▶ **Aim of the exercise**
Write the listing out again word for word. Pictures do not belong in the copy.

▶ **Given information**
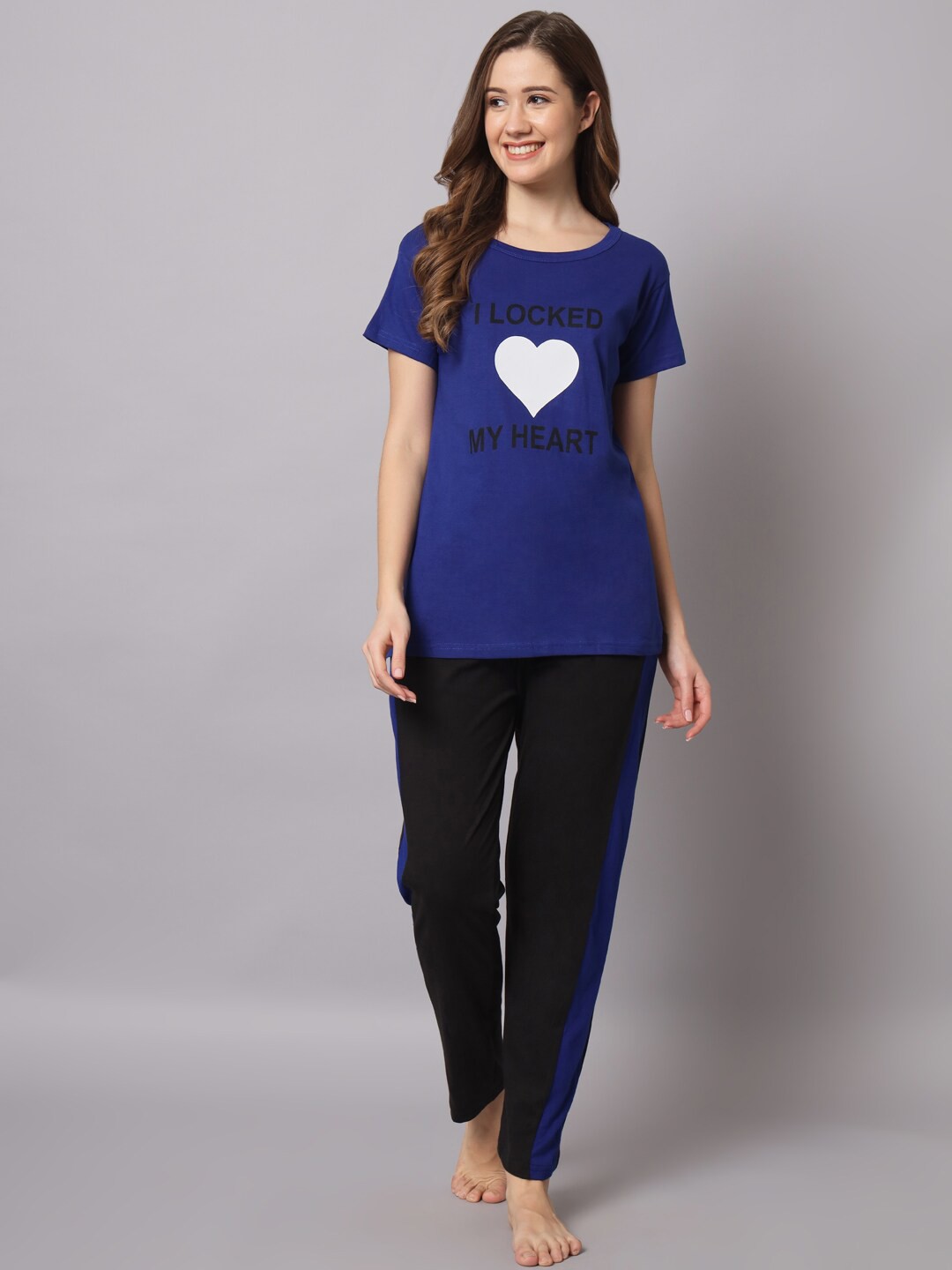 

Funday Fashion Graphic Printed Cotton Round Neck Night suit, Blue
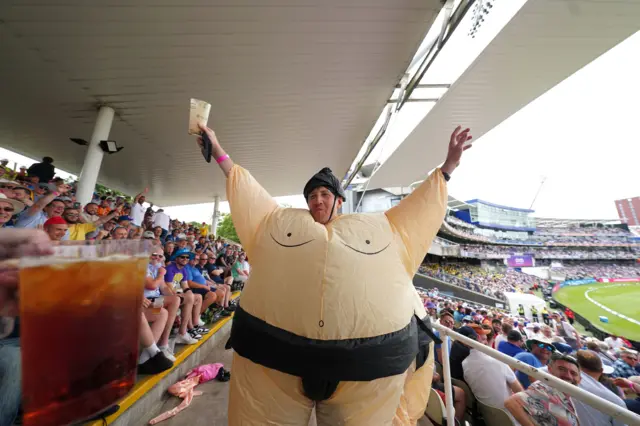 Fan in sumo fancy dressing at Edgbaston during the Ashes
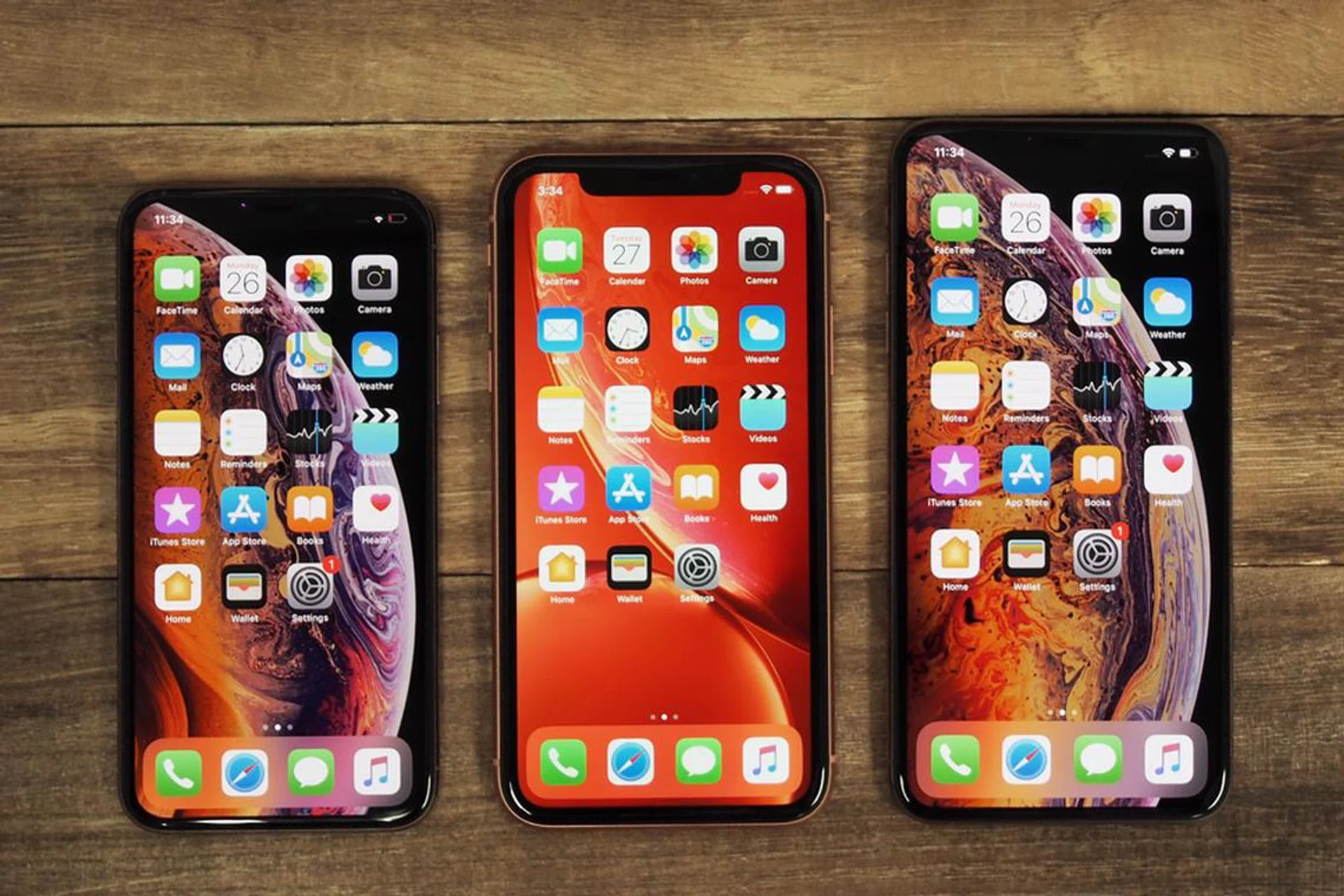 From left to right: The Apple iPhone XS, iPhone XR and iPhone XS Max. 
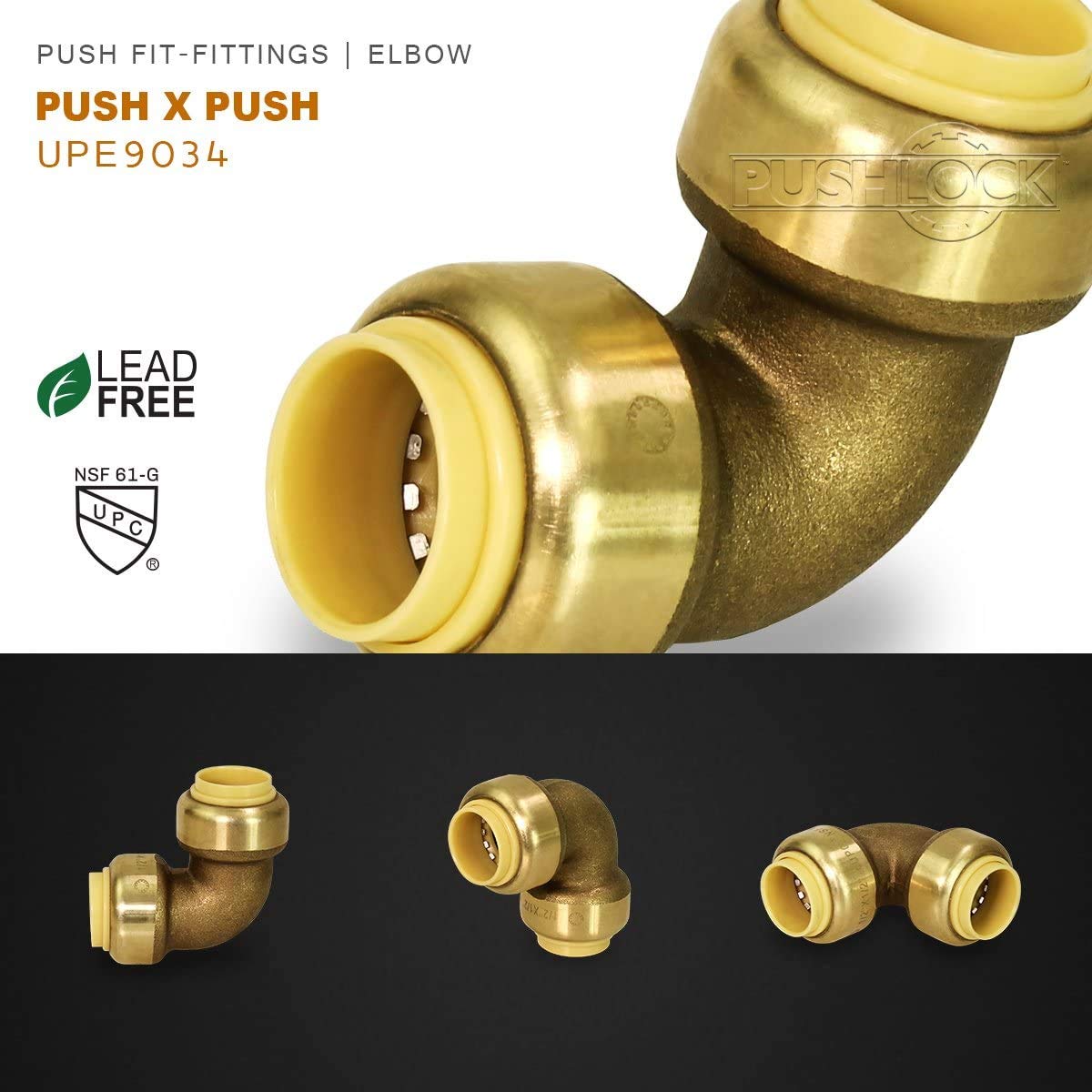 Zawór środkowy QVLU34 Push to Connects Pex Copper, CPVC, mosiężny zestaw hydrauliczny do rur 3/4 cala zawiera trójniki, kolanka, łączniki i łączniki nasadkowe (po 2 szt.) z dodatkowym narzędziem do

▶ **Output**
Funday Fashion Graphic Printed Cotton Round Neck Night suit, Blue
 Fan in sumo fancy dressing at Edgbaston during the Ashes
 From left to right: The Apple iPhone XS, iPhone XR and iPhone XS Max. 
 Zawór środkowy QVLU34 Push to Connects Pex Copper, CPVC, mosiężny zestaw hydrauliczny do rur 3/4 cala zawiera trójniki, kolanka, łączniki i łączniki nasadkowe (po 2 szt.) z dodatkowym narzędziem do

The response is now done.